» **Exercise brief**:
Using only the entries below, copy exactly the lines that begin at the one with "Newborn Baby Girl" and end at the one with "Rhinestone tank top", both included. Drop the pictures.

» **Record set**:
---------------

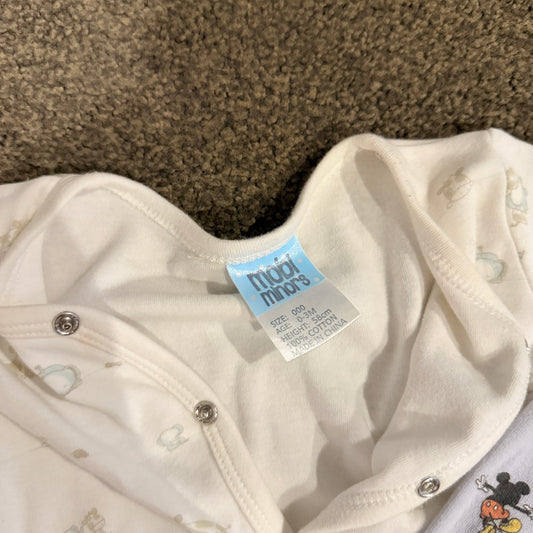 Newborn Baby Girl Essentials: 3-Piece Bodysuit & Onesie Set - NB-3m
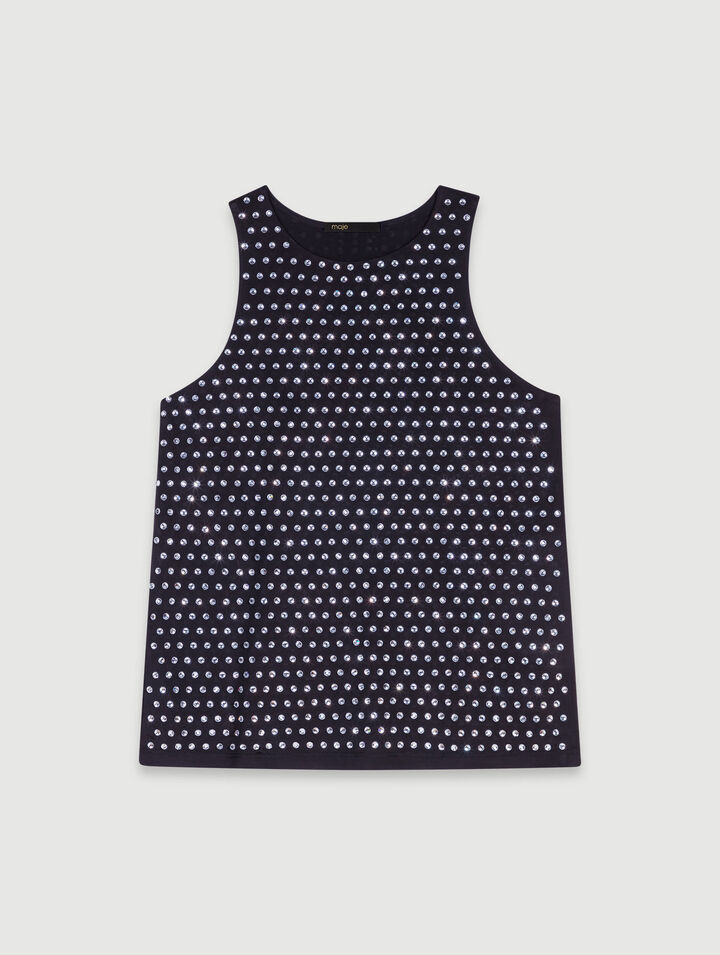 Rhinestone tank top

---------------

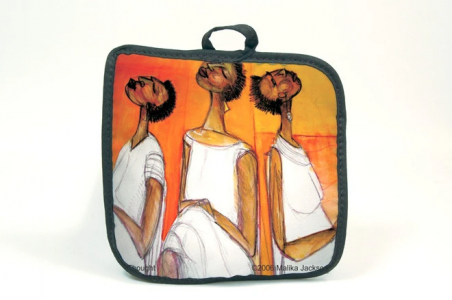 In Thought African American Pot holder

---------------

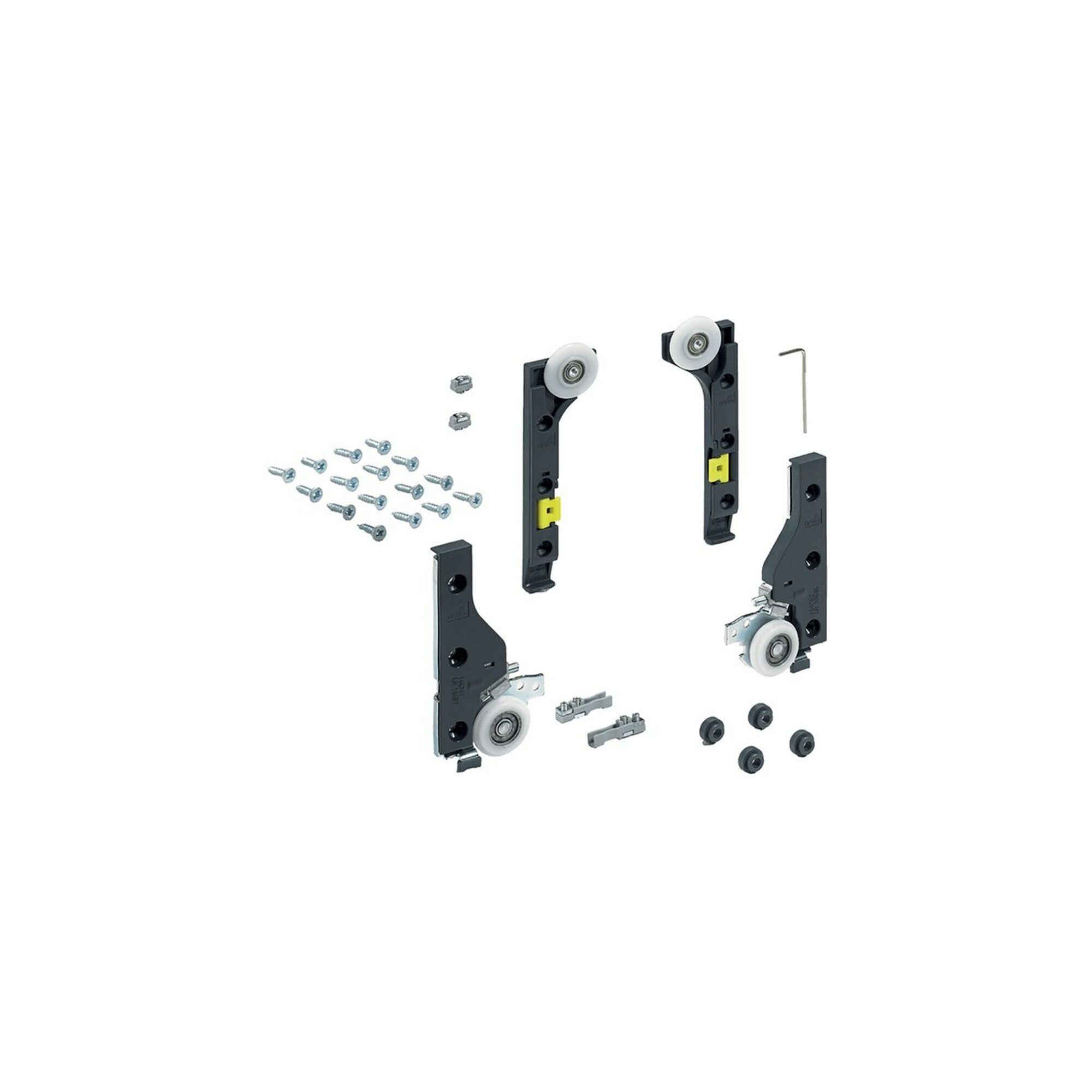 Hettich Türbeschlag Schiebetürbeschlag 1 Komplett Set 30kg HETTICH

---------------

» **Worked solution**:
 Newborn Baby Girl Essentials: 3-Piece Bodysuit & Onesie Set - NB-3m
 Rhinestone tank top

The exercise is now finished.